Eine Entscheidung verändert unsere Handlungen in der Gegenwart um die Ziele, die wir uns für die Zukunft gesetzt haben, zu erreichen. Die Umsetzung einer effektiven Entscheidung führt innerhalb von 3-5 Jahren zu den gewünschten Outcomes.

Gegenwart

Die Realität von heute

Entscheidungen

Veränderung

Zukunft

Zu erreichende Ziele

Wichtige Entscheidungen werden immer Widerstand hervorrufen. Entscheidungen, die bei allen Beteiligten Zustimmung finden, sind meist nur deklarativ und führen selten zu Veränderungen. Eine handlungsorientierte Entscheidung zielt dagegen auf Veränderung mindestens einer der folgenden Dimensionen ab:

Ressourcen

Veränderung von Budgets oder Investitionen im Personalbereich

Methoden

Veränderung von internen Prozessen und Arbeitsweisen

Regeln

Veränderung der Rechte und Aufgaben einzelner Mitarbeiter oder ganzer Firmen

Strukturen

Veränderung in der Zuteilung von Verantwortung, Befugnissen und Outcomes

Eine handlungsorientierte Entscheidung ist also daran zu erkennen, dass sie Mitarbeiter und Budgets beeinflusst (inklusive der Budgets, aus denen die Mitarbeitergehälter finanziert werden, sofern deren Arbeitsmethoden und die Struktur der Organisation verändert werden). Eine Entscheidung, die nicht Menschen oder Ausgaben beeinflusst, ist keine handlungsorientierte, sondern eine rein deklarative Entscheidung. Es ist zwar möglich, die ungefähre zukünftige Ausrichtung einer Organisation festzulegen, ohne eine gegenwärtige Kursänderung anzustoßen, doch um wirkliche Veränderungen herbeizuführen, müssen meist schwierige Entscheidungen getroffen werden.

Entscheidungen formulieren

Es ist wichtig, dass Entscheidungen für alle verständlich formuliert werden. Eine Entscheidung sollte daher niemals zweideutig sein. Wo nötig, sollte man Zuständigkeiten und Zeitpläne festlegen. Verschiedene Organisationen haben meist unterschiedliche Arten, Ressourcen zuzuteilen, Vorgehensweisen festzulegen, Regeln zu erlassen oder Strukturen zu verändern. Hier sind einige Beispiele:

70% unserer Fortbildungen werden darauf ausgerichtet sein, neue Möglichkeiten des Change Management zu erschließen, statt Networking-Aktivitäten zu fördern.

Aufgrund der Forderung nach mehr Transparenz werden wir einen neuen Transparency Director einstellen, der jährliche Berichte für unsere Mitglieder verfassen wird.

Wir werden $5m investieren um unser Call Center auszubauen, sodass wir Kunden, die sich länger als 2 Minuten in der Warteschleife befinden, einen Rückrufservice anbieten können.

Ab nächstem Jahr erhalten alle Bürger Push-Benachrichtigungen zu jedem Formular, jeder Anfrage und jedem Verfahren, in das eines der städtischen Ämter involviert ist.

Eine neue Vorschrift verpflichtet jede Firma dazu, ihre Chancengleichheitspolitik und den Anteil ethnischer Minderheiten an ihrer Belegschaft zu veröffentlichen.

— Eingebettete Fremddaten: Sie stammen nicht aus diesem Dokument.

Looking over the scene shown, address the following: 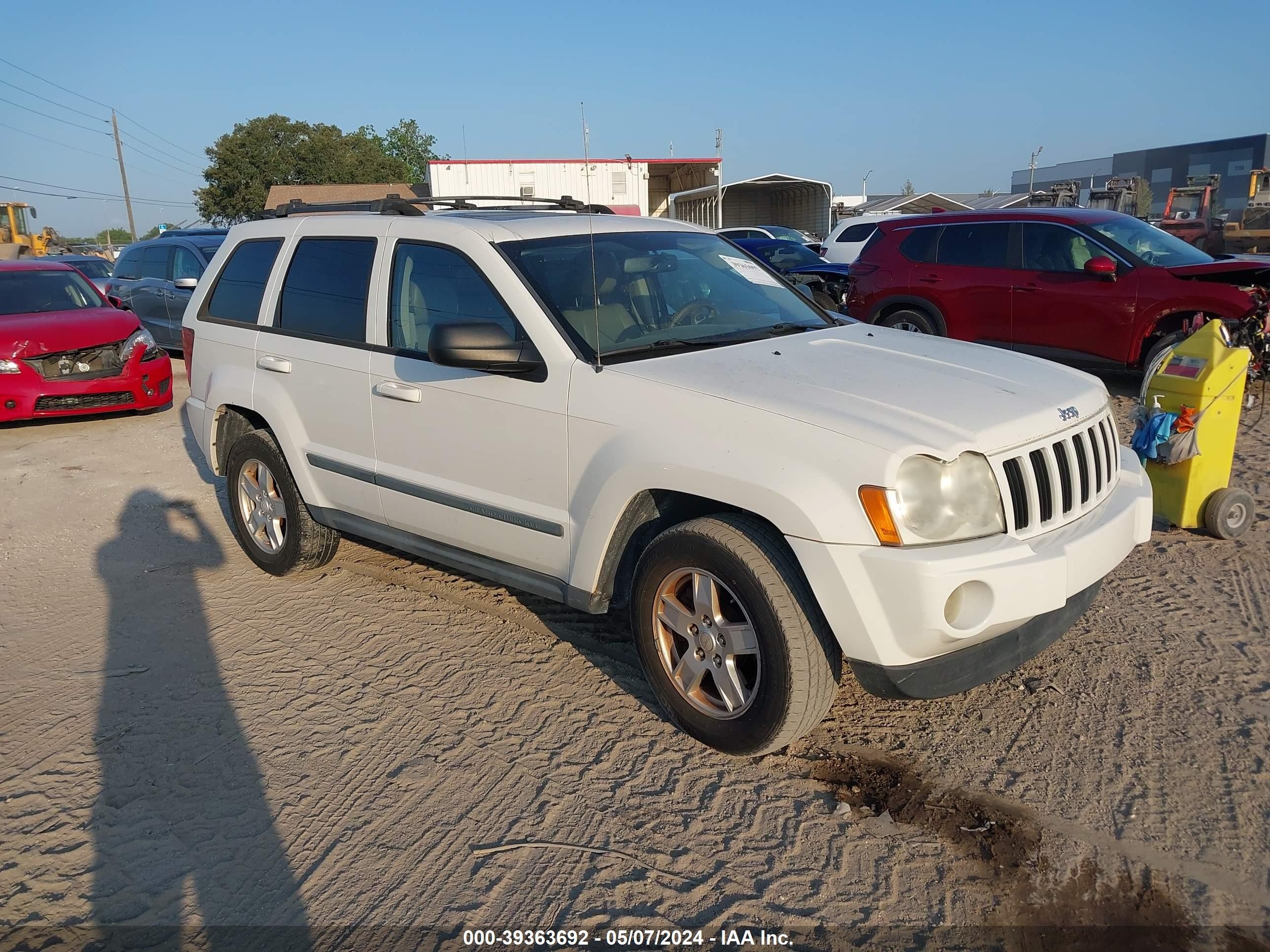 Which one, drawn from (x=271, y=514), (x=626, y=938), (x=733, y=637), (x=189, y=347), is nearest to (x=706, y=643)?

Sie müssen nicht alle Erkenntnisse akzeptieren

Sie können entscheiden, auf welche der Erkenntnisse auf Ihrer Projektseite Sie eingehen möchten. Sie müssen weder alle Erkenntnisse akzeptieren, noch müssen Sie alle Erkenntnisse mit Entscheidungen verknüpfen. Die Entscheidungsphase ist nicht demokratisch – Sie als Entscheider haben die Entscheidungsmacht. Die Erkenntnisse können Ihnen dabei helfen, die richtige Strategie zu finden, aber sie können nicht Ihr Urteilsvermögen, Ihr Wissen und Ihren persönlichen Zugang zur Entscheidung ersetzen. Wichtig ist aber, dass Sie Ihre Entscheidungen so formulieren, dass Ihre Stakeholder sie verstehen und danach handeln können:

Eine Entscheidung sollte eine Veränderung von Prozessen, Strukturen oder der Zuteilung von Ressourcen nach sich ziehen.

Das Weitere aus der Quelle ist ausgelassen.